First applied in America as early as 1825 to children committed to Houses of Refuge, the indeterminate sentence, in vivo, did not adhere to the procedure outlined in the passage above. However, it did retain the spirit of that passage. Children, though they were not required to earn a fixed sum while in the Houses of Refuge, did have to demonstrate not only their acceptance of the laws and abstract principles of American society but also, if only by mime, their genuflection to the dictates of a Christian God and of capitalism.
In 1867, Michigan became the first state to use the indeterminate sentencing concept on adult offenders by passing a law changing the procedure of the penal disposition of convicted prostitutes. Under the new law, hookers were sentenced to a maximum of three years in the Detroit House of Correction but could be released earlier at the discretion of the institution's board of managers.
Four characteristics of the nature and history of the indeterminate sentence in America bear significantly on the life of George Jackson. The first is that in theory and practice the indeterminate sentence is a janus-faced weapon. Although it offers the con the hope of being released prior to the time that he would have had to have served under a fixed sentence, it also threatens him with the possibility of indefinite incarceration if he does not display "orderly, decent, and submissive behavior" to the satisfaction of his captors. This other more threatening side of the indeterminate sentence did not figure into its earliest applications nor does it in the current universal use of the indeterminate sentence in American reform schools; because in each of these cases a maximum time of incarceration is prescribed by law. However, this threatening edge does play a prominent part in California's three-time losers law; simply because the sentence has no practical maximum.
The second relevant characteristic is that the indeterminate concept was originally applied only to the poorest and most powerless classes of offenders, juveniles and prostitutes. People with no reliable leverage on the outside, they were committed to indefinite imprisonment without having legal or practical methods to protect themselves from any abuses the detention officials might make of their absolute power. That the indeterminate sentence concept was not widely applied to other classes of convicts in America until after 1935 is perhaps more due to the efforts of the organized crime lobby than to those of the "treat 'em rough" school of penology.

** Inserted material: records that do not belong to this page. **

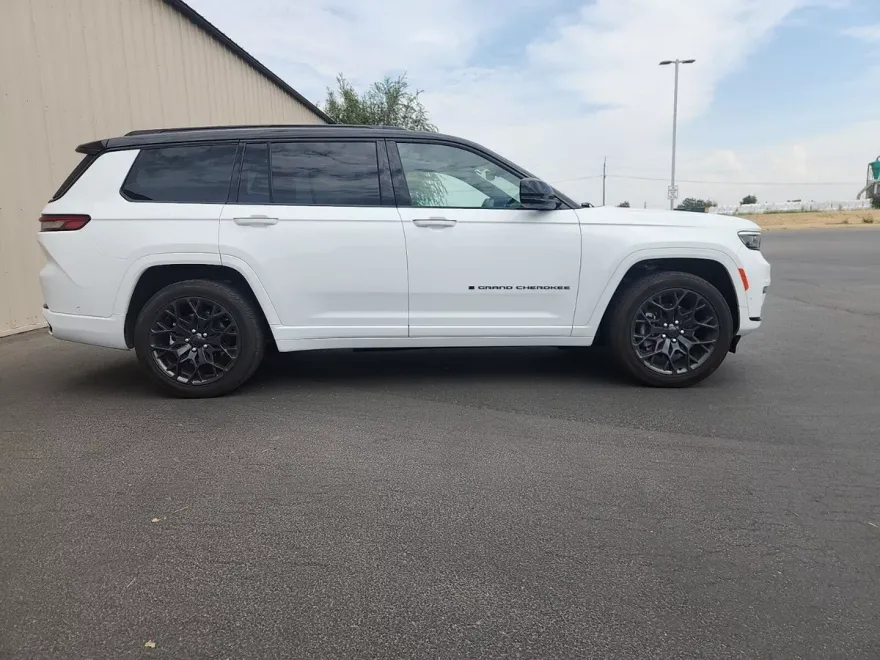 2024 Jeep Grand Cherokee L Summit photo 1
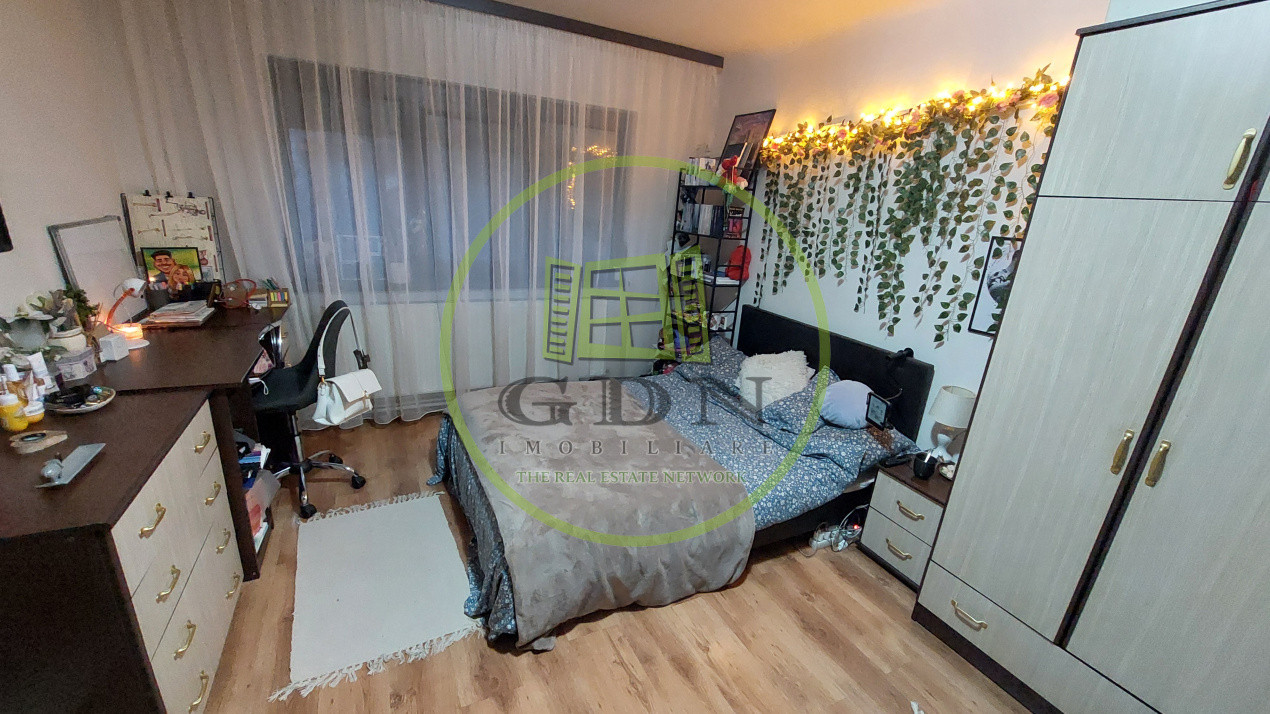 Apartament 3 camere, decomandat, parter, 66.8 mp, Craiovita Noua, zona Niela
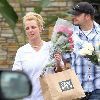 Бритни покидает цветочный магазин Gelson
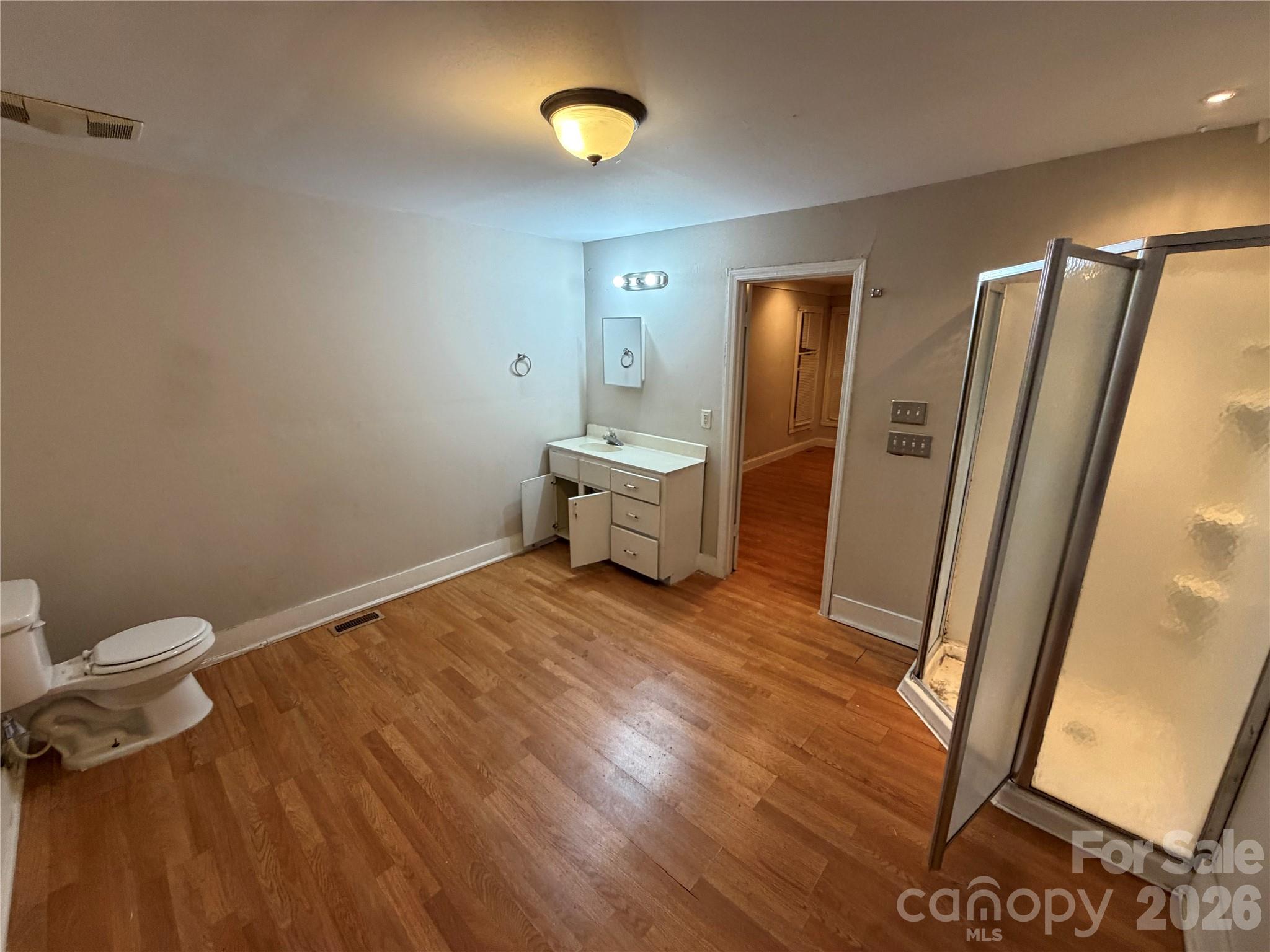 2558 Milton Avenue — Gastonia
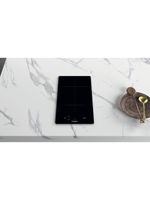 Whirlpool-Płyta-grzewcza-WS-Q0530-NE-Czarny-Induction-vitroceramic-Lifestyle-frontal-top-down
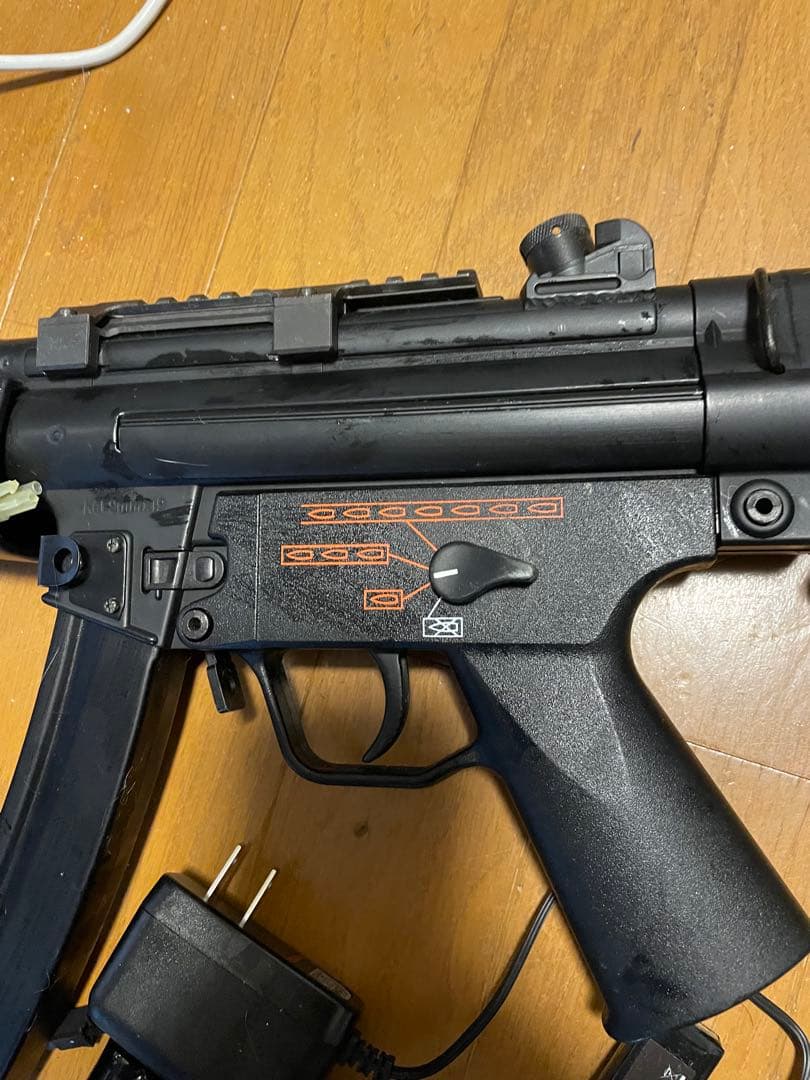 東京マルイMP5バッテリー付き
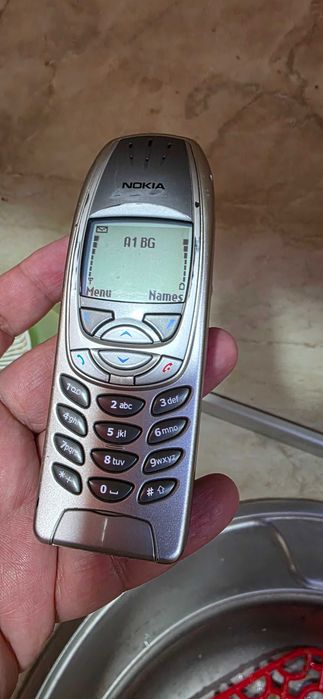 Мобилен телефон Nokia 6310i отключен към всички оператори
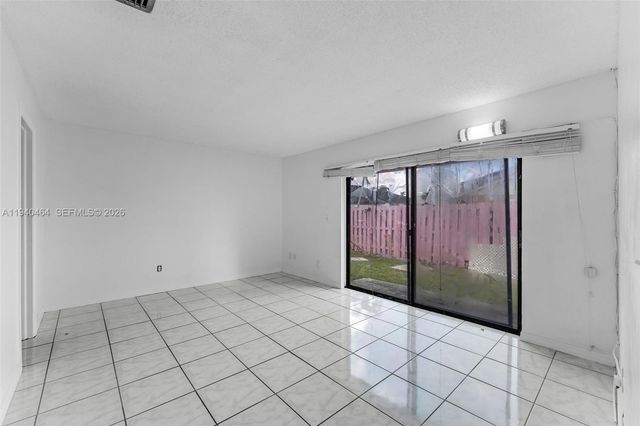 6908 SW 104th Ct, Miami, FL 33173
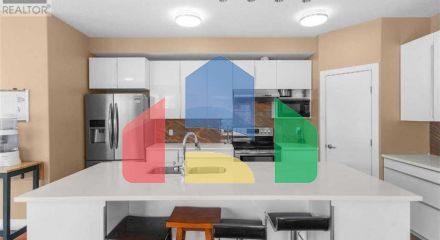 Residential - Single Family Home - Calgary, Canada - Canada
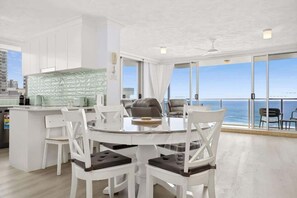 Dining - 14C Peninsula Summary (Surfers Paradise)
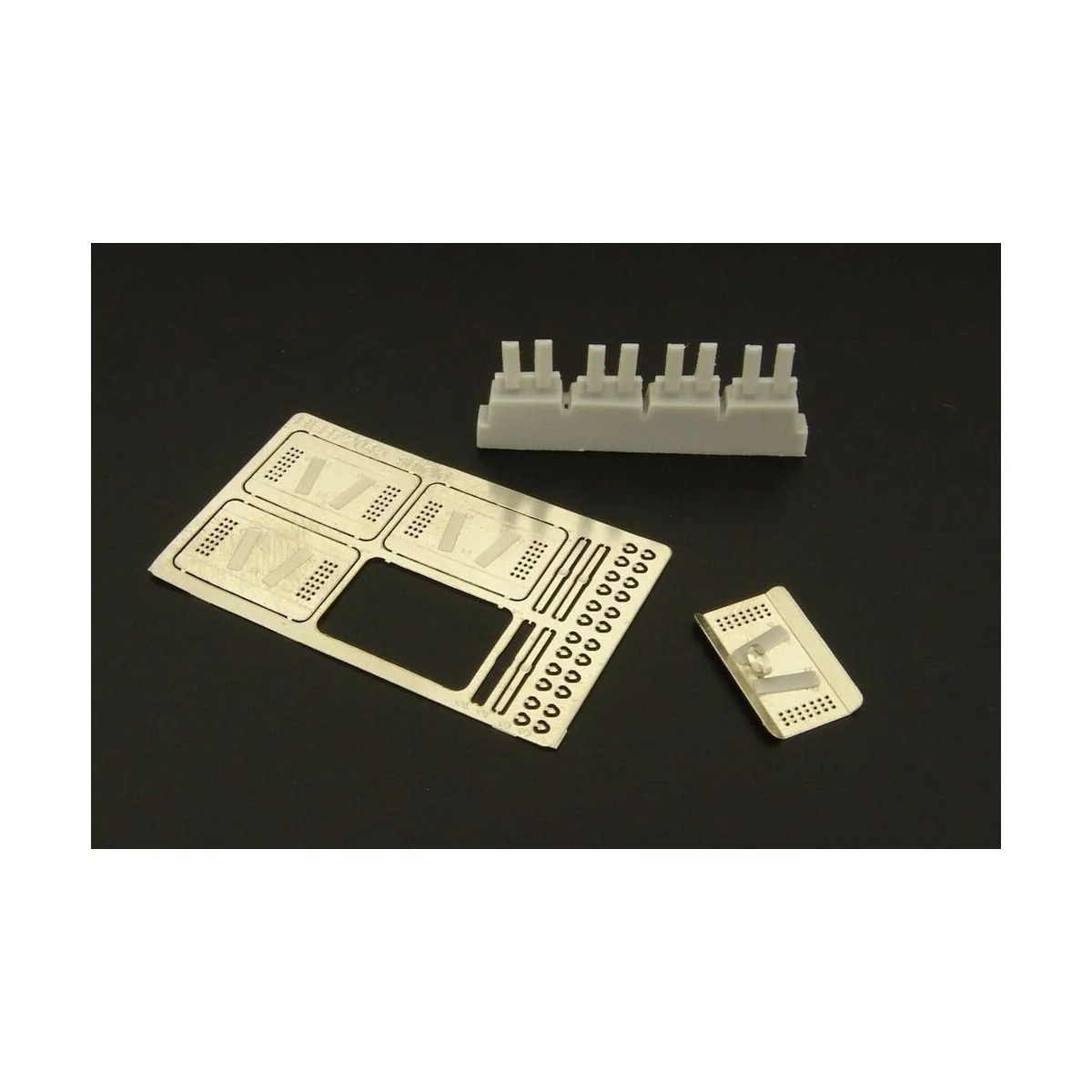 Ukraine police shield (4pcs), 1/72 - Hauler HLH72045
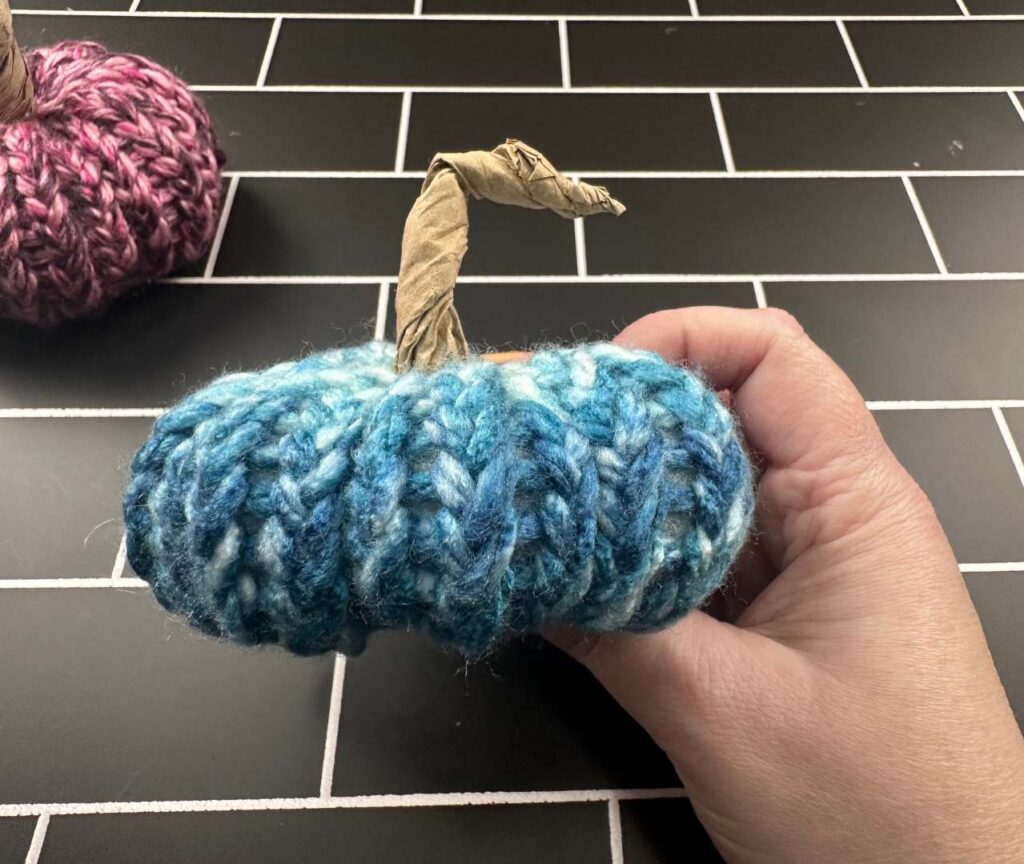 Loom Knit Pumpkins Tutorial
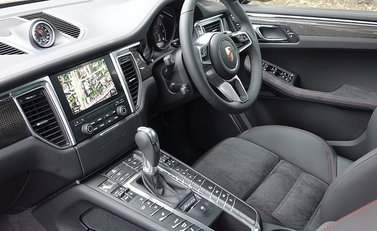 Porsche Macan Turbo Performance Package 23
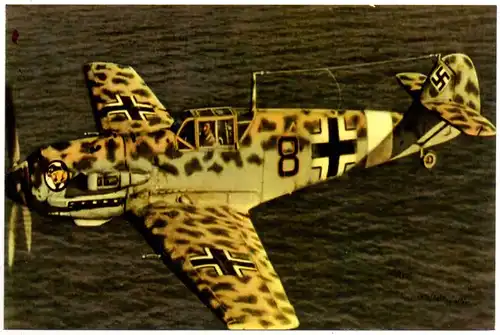 Jagdflugzeug ME 109 in Tarnlackierung über dem Meer (Reprint eines alten Fotos als Postkarte)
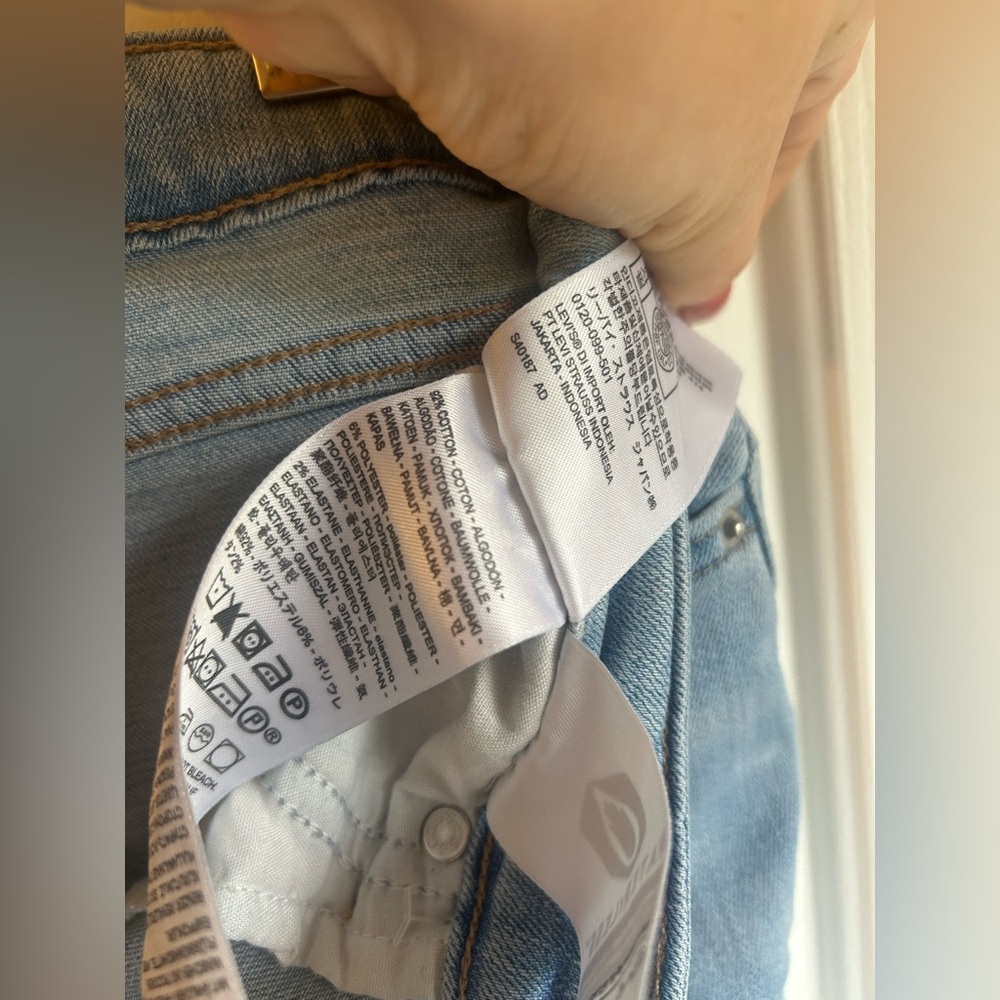 Levi's 711 Skinny Women's Jeans Size 28 in Light Medium Wash - Picture 7 of 8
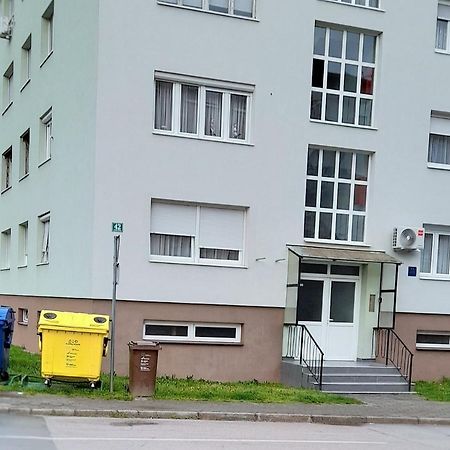 Studio Apartman Four Pearls Karlovac Exterior photo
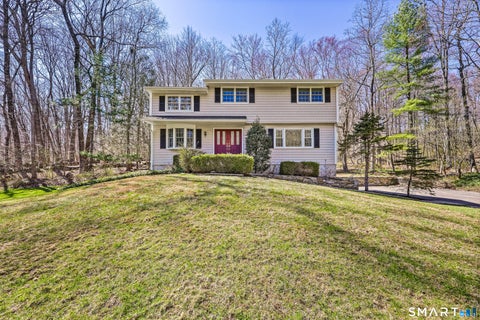 Homes For Sale - 145 Wilton Road<br/> Ridgefield, CT 06877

Thirdly, as Clemenceau noted, power corrupts and absolute power corrupts absolutely. Because lower-class women and children, particularly those who have done time, rarely publish autobiographies, the extent to which prison authorities have in general abused the absolute power granted them under indeterminate sentencing is difficult to establish. Clearly, though, the potential for abuse is there, as it is whenever men are granted access to total control over others. According to many observers, that potential is being realized. Among those who feel that the absolute power is being abused is Ramsey Clark. Clark, a supporter of the indeterminate sentence in theory, says that the abuse occurs because, "No correctional system in the United States is yet staffed to make effective use of the indeterminate sentence."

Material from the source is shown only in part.